Fred: CMS recently announced the Comprehensive Care for Joint Replacement (CJR) demonstration, which requires all hospitals in 67 MSAs to accept bundled payments for lower extremity joint replacement patients. Hospitals began accepting risk for these patients on April 1, 2016, and will be responsible for repaying losses beginning in January 2017. In order to better coordinate care across the care continuum, CMS is allowing hospitals to establish “CJR Collaborators” or other providers that share risk with the participating hospital.

CMS allows hospitals flexibility in how they structure their collaborator agreements but stipulates that collaborators must be other providers and suppliers that provide care directly to CJR patients. These relationships can include upside potential (based on achieving savings against the bundle) and downside potential if spending exceeds the bundle.

  • Upside payments or gainsharing payments involve the CJR participant hospital making payments to the collaborator for reducing Medicare spending as well as any internal savings achieved
  • Downside payments or alignment payments involve the collaborator making a payment to the CJR participant hospital to offset losses due to excess spending under the bundle

For example, reconciliation payments can be distributed across multiple providers. CMS allows flexibility in developing these agreements, but sets caps in the amount of payments that a collaborator can receive or make. You cannot receive a total gainsharing amount greater than 50% of the total Medicare approved amounts for services provided under the bundle. Basically you can’t pay collaborators more than 50% of what they are paid by Medicare.

Total alignment payments received by the hospital cannot exceed 50% of the participant hospital’s repayment amount to CMS, and alignment payment made by a single collaborator cannot exceed 25% of the total repayment amount to CMS.

Erica: Step 1: Develop an internal strategy. Prior to entering into an agreement, it is important to consider potential partners (e.g., current and potential volume, existing relationship, market position) as well as internal capabilities (facility strengths, quality and efficiency performance, and threats/weaknesses).

Step 2: Identify the scope. Determine the overarching parameters of the agreement, such as:

  • Clinical conditions: Decide whether to develop preferred partnership for other conditions besides LEJR
  • Upside/downside risk: Decide whether to enter into one- or two-sided risk arrangements
  • Span of episode: Decide whether the episode includes only the SNF stay or the care after SNF discharge
  • Carve outs and acuity: Decide whether certain patient populations (such as high-cost outliers, partial replacements, or fractures) are carved out

Step 3: Select metrics. Agreements can be based on a single measure or a combination of multiple measures.
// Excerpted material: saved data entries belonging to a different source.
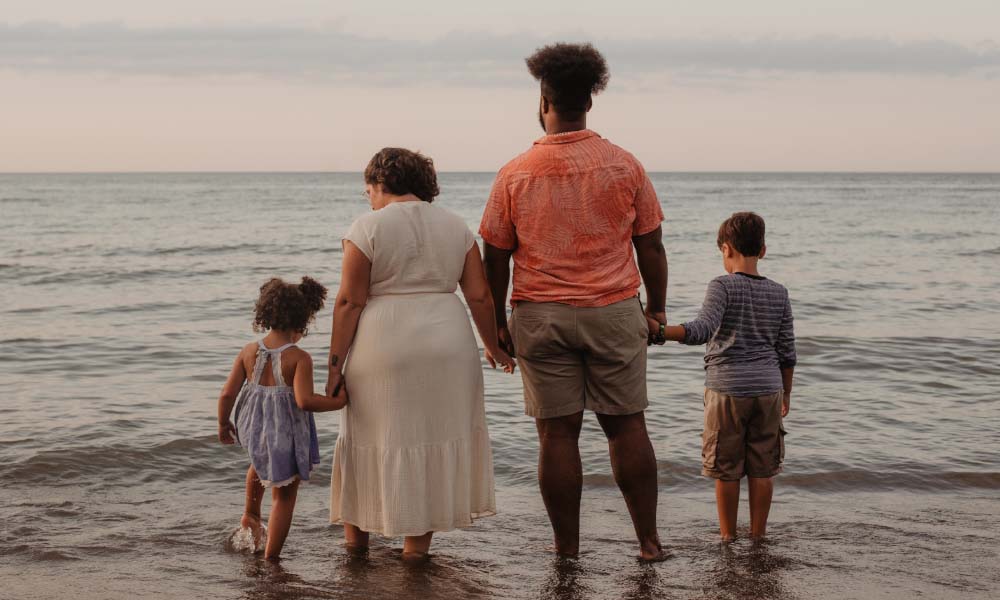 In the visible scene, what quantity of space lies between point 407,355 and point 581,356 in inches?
26.9

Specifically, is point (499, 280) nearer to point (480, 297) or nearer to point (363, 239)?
point (480, 297)

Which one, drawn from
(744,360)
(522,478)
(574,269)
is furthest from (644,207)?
(522,478)

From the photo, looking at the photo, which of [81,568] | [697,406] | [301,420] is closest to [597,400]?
[301,420]

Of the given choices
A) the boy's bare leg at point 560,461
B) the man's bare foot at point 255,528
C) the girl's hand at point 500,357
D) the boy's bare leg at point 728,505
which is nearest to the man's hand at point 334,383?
the girl's hand at point 500,357

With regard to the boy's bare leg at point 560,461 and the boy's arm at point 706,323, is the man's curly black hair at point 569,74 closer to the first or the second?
the boy's arm at point 706,323

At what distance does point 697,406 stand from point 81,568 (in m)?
4.74

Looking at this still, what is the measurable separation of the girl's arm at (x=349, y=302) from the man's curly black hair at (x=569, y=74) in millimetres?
959

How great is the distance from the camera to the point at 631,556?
13.9 ft

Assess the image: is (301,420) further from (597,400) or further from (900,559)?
(900,559)

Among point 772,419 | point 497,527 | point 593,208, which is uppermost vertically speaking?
point 593,208

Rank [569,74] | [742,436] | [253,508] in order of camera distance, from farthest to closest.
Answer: [253,508], [742,436], [569,74]

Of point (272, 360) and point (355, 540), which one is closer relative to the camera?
point (272, 360)

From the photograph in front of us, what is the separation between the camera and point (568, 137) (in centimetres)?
368

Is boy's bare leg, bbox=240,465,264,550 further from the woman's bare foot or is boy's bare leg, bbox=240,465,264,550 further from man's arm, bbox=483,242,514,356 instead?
man's arm, bbox=483,242,514,356
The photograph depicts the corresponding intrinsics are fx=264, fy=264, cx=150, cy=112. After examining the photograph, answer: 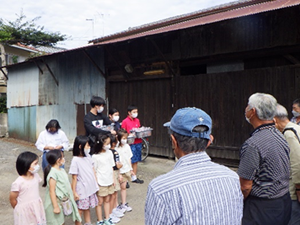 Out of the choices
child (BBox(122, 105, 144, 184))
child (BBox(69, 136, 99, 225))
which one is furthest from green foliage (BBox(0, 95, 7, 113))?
A: child (BBox(69, 136, 99, 225))

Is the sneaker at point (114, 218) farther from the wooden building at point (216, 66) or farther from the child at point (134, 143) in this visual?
the wooden building at point (216, 66)

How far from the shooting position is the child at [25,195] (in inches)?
117

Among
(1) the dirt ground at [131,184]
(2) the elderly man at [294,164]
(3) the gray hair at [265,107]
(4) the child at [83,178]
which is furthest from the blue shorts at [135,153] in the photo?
(3) the gray hair at [265,107]

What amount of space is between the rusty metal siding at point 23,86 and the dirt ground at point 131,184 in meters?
2.46

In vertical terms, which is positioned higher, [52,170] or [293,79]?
[293,79]

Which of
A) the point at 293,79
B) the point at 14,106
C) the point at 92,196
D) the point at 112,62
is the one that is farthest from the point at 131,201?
the point at 14,106

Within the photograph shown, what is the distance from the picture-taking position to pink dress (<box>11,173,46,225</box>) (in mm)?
2977

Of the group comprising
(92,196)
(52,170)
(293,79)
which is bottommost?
(92,196)

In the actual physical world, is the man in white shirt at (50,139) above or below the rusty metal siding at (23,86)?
below

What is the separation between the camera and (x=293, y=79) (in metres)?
5.75

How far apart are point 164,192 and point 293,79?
555cm

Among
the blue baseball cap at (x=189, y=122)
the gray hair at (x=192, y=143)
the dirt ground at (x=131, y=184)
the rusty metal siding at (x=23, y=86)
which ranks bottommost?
the dirt ground at (x=131, y=184)

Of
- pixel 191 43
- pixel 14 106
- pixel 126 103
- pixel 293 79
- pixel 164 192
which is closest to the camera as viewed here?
pixel 164 192

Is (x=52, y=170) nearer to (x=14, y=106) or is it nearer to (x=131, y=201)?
(x=131, y=201) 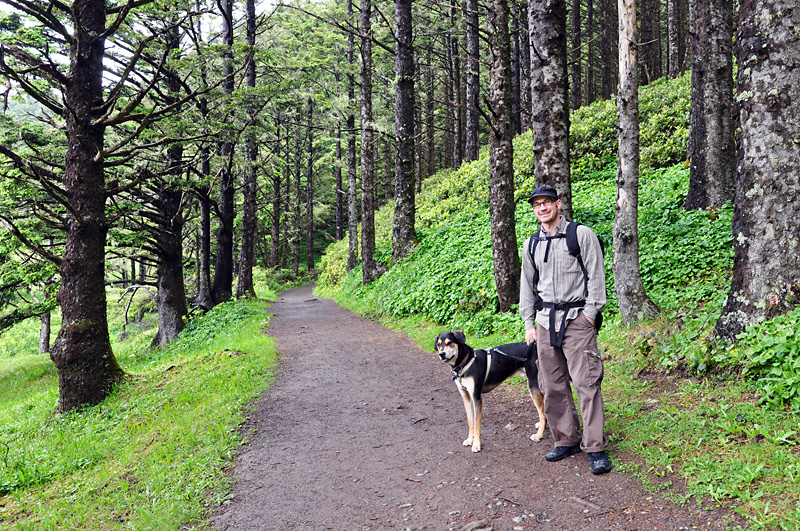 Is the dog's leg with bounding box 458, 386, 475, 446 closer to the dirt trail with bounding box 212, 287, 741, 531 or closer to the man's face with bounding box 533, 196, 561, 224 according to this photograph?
the dirt trail with bounding box 212, 287, 741, 531

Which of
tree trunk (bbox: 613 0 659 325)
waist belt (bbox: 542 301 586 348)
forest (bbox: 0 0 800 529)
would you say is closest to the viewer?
waist belt (bbox: 542 301 586 348)

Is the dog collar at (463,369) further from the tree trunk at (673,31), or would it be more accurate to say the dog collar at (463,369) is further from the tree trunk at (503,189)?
the tree trunk at (673,31)

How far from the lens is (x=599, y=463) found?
155 inches

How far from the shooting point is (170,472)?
16.0 feet

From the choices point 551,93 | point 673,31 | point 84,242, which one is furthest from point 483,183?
point 84,242

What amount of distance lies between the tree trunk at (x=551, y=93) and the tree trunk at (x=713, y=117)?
10.2ft

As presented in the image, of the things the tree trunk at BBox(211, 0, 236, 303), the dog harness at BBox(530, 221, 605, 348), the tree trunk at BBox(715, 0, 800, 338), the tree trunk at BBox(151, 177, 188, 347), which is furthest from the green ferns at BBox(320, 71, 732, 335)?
the tree trunk at BBox(151, 177, 188, 347)

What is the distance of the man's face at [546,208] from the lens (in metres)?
4.23

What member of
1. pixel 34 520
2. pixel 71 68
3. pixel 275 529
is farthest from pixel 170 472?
pixel 71 68

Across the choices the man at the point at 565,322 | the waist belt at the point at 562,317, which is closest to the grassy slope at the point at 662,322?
the man at the point at 565,322

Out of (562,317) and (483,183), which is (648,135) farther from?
(562,317)

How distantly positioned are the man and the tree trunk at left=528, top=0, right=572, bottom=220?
3.78 metres

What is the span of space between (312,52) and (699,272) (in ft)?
79.2

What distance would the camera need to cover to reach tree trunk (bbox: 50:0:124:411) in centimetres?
791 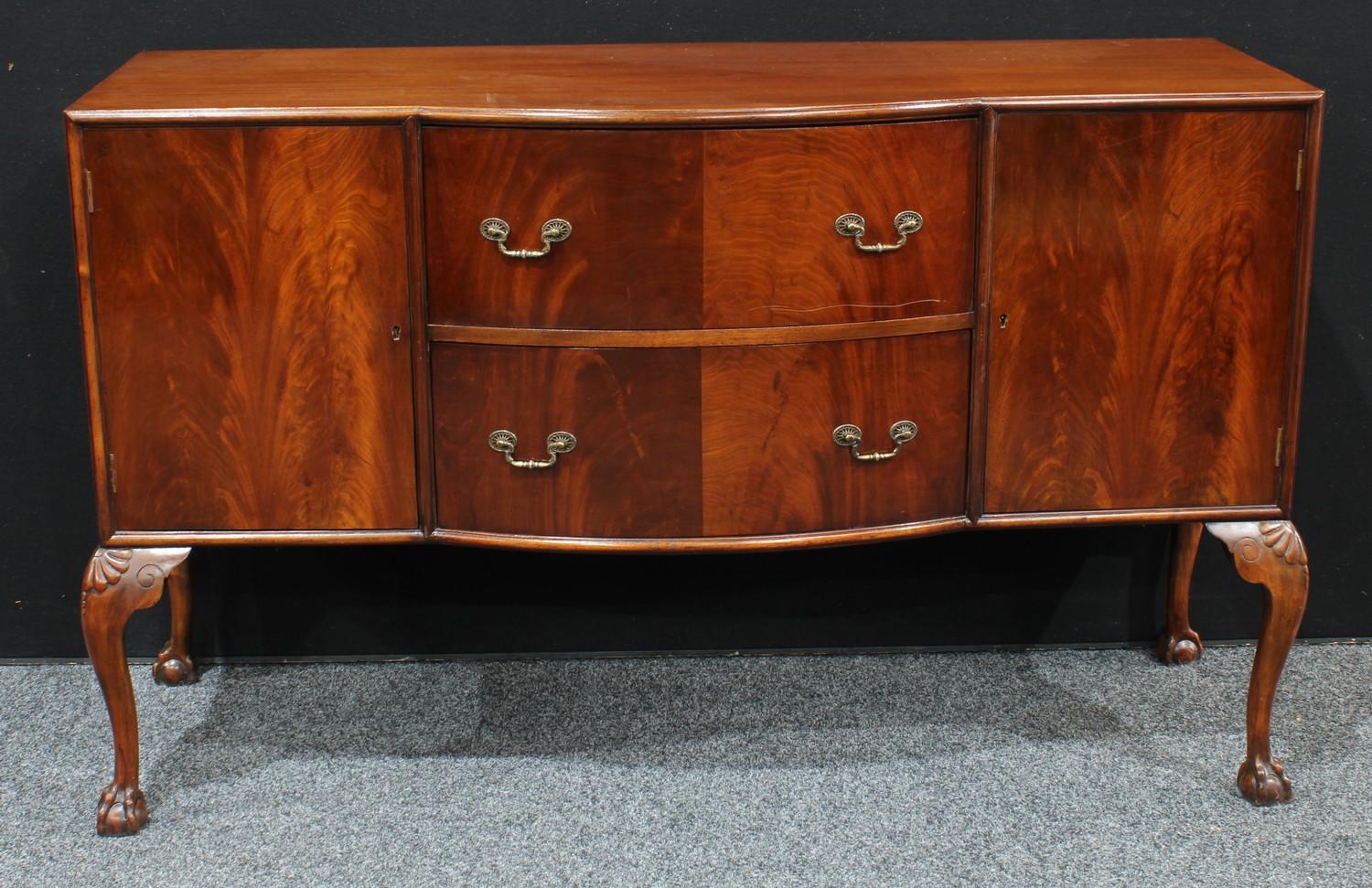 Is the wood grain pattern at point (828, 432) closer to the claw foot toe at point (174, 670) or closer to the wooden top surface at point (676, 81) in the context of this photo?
the wooden top surface at point (676, 81)

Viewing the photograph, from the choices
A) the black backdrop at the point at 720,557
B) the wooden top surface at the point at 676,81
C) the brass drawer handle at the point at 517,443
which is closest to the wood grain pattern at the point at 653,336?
the brass drawer handle at the point at 517,443

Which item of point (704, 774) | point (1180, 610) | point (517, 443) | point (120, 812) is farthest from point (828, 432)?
point (120, 812)

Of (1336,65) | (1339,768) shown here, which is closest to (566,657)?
(1339,768)

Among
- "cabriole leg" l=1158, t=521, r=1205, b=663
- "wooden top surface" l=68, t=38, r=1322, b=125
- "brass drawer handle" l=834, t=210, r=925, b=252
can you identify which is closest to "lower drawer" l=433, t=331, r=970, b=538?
"brass drawer handle" l=834, t=210, r=925, b=252

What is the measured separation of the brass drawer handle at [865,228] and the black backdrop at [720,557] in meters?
0.59

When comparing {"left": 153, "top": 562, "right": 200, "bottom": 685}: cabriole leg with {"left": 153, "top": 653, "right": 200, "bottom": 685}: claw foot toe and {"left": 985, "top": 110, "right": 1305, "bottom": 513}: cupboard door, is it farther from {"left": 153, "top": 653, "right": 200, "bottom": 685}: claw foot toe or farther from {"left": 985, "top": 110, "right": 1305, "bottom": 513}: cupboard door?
{"left": 985, "top": 110, "right": 1305, "bottom": 513}: cupboard door

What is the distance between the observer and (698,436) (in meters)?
2.09

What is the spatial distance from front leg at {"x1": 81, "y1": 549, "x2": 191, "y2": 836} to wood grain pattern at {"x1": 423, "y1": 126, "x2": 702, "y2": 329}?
50cm

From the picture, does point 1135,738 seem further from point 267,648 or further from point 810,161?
point 267,648

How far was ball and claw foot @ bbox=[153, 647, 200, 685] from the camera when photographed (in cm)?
266

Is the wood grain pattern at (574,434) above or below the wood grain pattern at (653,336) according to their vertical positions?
below

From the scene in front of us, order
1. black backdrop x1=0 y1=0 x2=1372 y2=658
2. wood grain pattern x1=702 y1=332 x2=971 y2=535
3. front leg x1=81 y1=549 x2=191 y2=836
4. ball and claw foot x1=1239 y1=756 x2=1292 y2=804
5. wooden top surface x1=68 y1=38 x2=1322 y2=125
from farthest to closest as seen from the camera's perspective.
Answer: black backdrop x1=0 y1=0 x2=1372 y2=658 < ball and claw foot x1=1239 y1=756 x2=1292 y2=804 < front leg x1=81 y1=549 x2=191 y2=836 < wood grain pattern x1=702 y1=332 x2=971 y2=535 < wooden top surface x1=68 y1=38 x2=1322 y2=125

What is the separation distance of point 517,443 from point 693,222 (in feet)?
1.13

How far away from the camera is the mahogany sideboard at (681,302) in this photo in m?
1.99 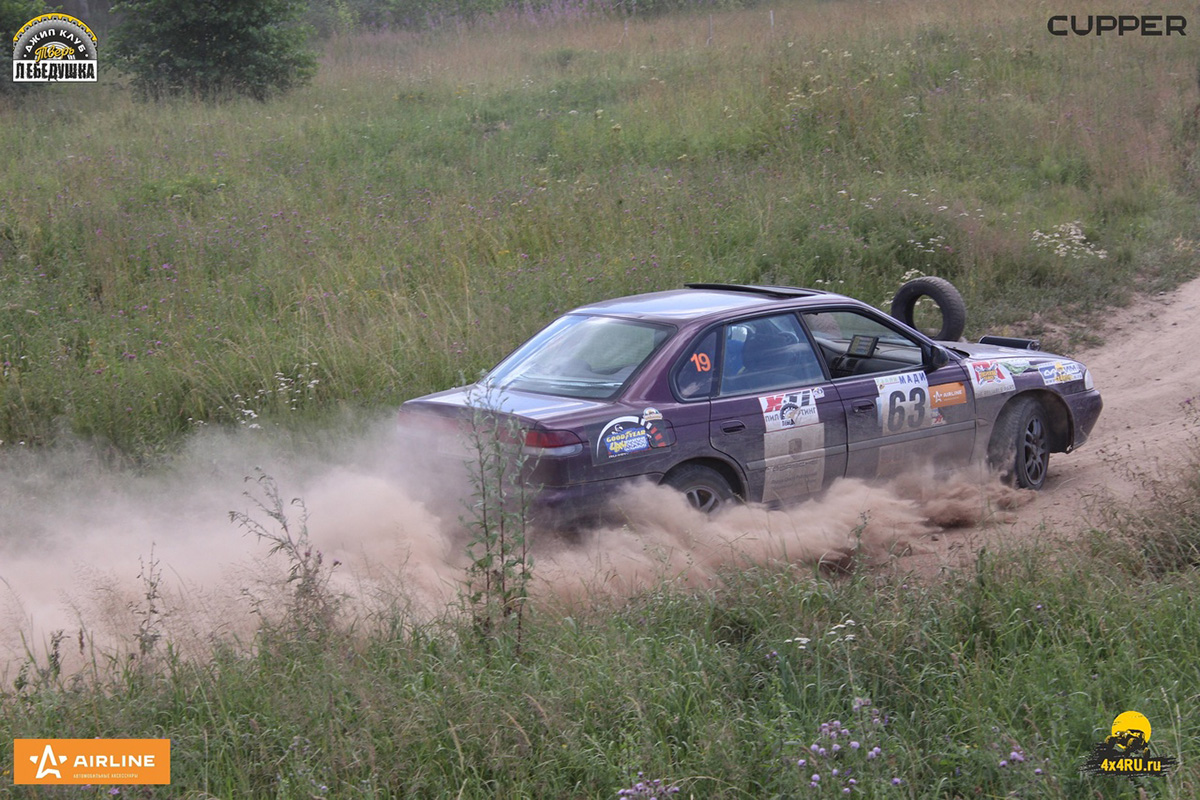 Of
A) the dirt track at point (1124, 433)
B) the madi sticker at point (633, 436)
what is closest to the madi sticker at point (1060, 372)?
the dirt track at point (1124, 433)

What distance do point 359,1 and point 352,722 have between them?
3252 centimetres

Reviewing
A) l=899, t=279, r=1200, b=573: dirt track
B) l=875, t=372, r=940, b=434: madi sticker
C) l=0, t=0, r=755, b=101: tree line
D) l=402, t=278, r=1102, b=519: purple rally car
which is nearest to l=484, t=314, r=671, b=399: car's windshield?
l=402, t=278, r=1102, b=519: purple rally car

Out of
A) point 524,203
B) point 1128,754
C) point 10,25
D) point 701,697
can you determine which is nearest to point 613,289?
point 524,203

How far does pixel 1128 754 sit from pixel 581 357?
3.52 meters

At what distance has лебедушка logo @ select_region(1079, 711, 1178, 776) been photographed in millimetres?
3320

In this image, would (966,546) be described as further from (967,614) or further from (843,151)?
(843,151)

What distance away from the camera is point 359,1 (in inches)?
1281

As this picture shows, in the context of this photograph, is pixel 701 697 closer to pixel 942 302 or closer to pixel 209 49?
pixel 942 302

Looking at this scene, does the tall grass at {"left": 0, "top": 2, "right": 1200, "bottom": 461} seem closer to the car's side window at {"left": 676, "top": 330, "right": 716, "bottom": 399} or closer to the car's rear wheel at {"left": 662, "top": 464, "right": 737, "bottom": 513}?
the car's side window at {"left": 676, "top": 330, "right": 716, "bottom": 399}

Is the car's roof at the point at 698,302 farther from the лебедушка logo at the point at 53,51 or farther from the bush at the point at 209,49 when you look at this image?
the лебедушка logo at the point at 53,51

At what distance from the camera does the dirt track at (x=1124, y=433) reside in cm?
560

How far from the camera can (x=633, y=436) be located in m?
5.46

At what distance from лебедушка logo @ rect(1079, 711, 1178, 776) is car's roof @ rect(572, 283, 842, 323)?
316cm

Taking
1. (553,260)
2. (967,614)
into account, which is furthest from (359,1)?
(967,614) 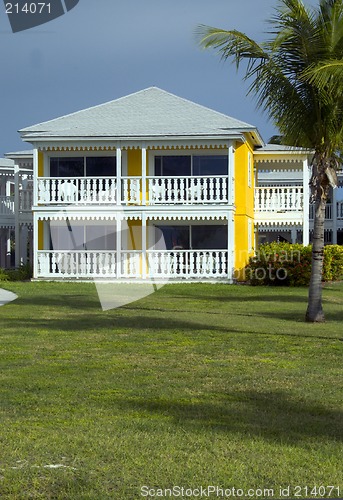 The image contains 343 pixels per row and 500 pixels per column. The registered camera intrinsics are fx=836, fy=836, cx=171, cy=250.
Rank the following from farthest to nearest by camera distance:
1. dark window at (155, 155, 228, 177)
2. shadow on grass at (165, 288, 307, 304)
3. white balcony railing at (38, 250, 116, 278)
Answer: dark window at (155, 155, 228, 177) → white balcony railing at (38, 250, 116, 278) → shadow on grass at (165, 288, 307, 304)

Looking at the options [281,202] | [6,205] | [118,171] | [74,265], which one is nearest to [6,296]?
[74,265]

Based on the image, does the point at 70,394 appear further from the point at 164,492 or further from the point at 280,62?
the point at 280,62

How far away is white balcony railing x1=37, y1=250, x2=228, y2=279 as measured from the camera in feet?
92.6

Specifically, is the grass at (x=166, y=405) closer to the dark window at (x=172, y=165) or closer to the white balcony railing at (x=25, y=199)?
the dark window at (x=172, y=165)

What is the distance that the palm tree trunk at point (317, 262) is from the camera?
54.5ft

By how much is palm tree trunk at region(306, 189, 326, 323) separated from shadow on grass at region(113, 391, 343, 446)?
309 inches

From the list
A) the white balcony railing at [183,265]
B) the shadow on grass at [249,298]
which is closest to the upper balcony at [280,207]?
the white balcony railing at [183,265]

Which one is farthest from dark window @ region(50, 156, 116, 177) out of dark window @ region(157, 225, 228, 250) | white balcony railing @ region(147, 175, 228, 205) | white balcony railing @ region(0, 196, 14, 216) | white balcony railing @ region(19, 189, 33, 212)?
white balcony railing @ region(0, 196, 14, 216)

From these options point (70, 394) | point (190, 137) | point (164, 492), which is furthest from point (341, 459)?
point (190, 137)

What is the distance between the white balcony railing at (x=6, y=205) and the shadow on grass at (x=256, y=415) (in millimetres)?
26157

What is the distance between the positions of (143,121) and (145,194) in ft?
9.73

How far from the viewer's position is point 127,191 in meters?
28.6

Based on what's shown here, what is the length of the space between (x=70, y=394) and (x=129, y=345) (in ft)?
13.1

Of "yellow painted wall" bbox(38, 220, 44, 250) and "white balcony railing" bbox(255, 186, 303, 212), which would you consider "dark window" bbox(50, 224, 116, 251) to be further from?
"white balcony railing" bbox(255, 186, 303, 212) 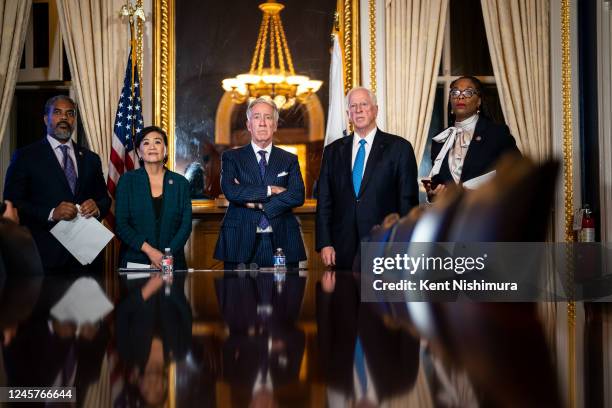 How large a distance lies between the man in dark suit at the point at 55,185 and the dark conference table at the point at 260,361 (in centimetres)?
390

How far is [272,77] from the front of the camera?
6.92 metres

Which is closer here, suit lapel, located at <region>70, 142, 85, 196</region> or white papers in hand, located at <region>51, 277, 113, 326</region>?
white papers in hand, located at <region>51, 277, 113, 326</region>

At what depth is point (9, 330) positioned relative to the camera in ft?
2.60

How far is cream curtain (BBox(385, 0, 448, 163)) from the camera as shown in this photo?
6.71 meters

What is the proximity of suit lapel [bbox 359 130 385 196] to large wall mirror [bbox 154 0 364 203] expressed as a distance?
87.2 inches

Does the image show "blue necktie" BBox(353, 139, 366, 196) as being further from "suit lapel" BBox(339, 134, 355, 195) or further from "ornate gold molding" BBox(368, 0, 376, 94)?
"ornate gold molding" BBox(368, 0, 376, 94)

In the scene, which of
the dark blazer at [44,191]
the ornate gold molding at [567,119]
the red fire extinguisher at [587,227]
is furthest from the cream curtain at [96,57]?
the red fire extinguisher at [587,227]

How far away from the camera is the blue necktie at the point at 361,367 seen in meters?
0.48

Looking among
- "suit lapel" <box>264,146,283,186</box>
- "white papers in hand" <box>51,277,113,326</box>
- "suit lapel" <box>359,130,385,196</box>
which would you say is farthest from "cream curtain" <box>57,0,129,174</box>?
"white papers in hand" <box>51,277,113,326</box>

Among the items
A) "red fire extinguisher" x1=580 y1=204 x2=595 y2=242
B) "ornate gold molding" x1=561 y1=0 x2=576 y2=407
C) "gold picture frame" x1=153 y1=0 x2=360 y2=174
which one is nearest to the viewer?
"red fire extinguisher" x1=580 y1=204 x2=595 y2=242

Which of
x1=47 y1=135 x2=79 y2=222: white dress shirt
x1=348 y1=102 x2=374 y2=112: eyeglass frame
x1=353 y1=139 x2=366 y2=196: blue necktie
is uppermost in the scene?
x1=348 y1=102 x2=374 y2=112: eyeglass frame

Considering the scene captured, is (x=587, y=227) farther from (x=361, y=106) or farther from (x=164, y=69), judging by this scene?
(x=164, y=69)

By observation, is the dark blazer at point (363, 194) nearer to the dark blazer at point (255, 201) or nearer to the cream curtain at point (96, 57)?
the dark blazer at point (255, 201)

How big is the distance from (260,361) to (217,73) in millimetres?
6533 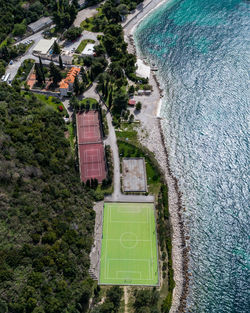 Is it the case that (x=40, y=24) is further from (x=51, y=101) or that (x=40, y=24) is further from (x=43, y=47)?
(x=51, y=101)

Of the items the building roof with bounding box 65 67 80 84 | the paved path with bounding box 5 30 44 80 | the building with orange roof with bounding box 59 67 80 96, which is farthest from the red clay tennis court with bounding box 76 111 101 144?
the paved path with bounding box 5 30 44 80

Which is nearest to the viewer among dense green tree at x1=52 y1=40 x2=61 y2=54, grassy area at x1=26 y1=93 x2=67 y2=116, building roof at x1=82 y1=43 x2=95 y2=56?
grassy area at x1=26 y1=93 x2=67 y2=116

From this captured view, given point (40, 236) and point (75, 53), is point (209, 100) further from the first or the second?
point (40, 236)

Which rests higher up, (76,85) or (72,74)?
(72,74)

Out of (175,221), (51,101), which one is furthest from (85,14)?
(175,221)

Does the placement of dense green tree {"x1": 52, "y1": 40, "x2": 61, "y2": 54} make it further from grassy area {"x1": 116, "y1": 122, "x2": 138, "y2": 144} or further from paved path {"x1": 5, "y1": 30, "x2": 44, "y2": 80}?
grassy area {"x1": 116, "y1": 122, "x2": 138, "y2": 144}

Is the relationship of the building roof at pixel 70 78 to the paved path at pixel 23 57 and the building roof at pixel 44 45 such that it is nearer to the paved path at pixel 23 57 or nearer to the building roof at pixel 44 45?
the building roof at pixel 44 45

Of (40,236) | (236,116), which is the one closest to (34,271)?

  • Quality metrics include readmission rates and CJR quality metrics (Complications Measure, Patient Experience Measure derived from HCAHPS survey, Patient-Reported Outcomes, and Limited Risk Variable Data)
  • Spending or resource use metrics include LOS, SNF spending per case, and spending during post-acute period
  • Spending metrics will be combined with quality measures to protect patient care
  • Quality metrics may often work as a gateway, with no reconciliation payments allowed unless quality metrics are achieved

Step 4: Assign targets. These are based on risk tolerance and expected performance and can be customized by agreement.

  • First, you need to select the performance benchmark (e.g., historical performance or regional average) and then the discount rate. What amount will the collaborator need to save before receiving gainsharing payments?
  • Second, you’ll need to decide the level of risk. How much upside can the collaborator receive as well as how much downside will it be responsible for?

Step 5: Finalize the contract. Once you have the basic parameters and outline of the agreement, you need to consider details such as:

  • Data and information sharing
  • Financial and payment parameters
  • Clinical coordination
  • Legal arrangements. How will the contract actually work?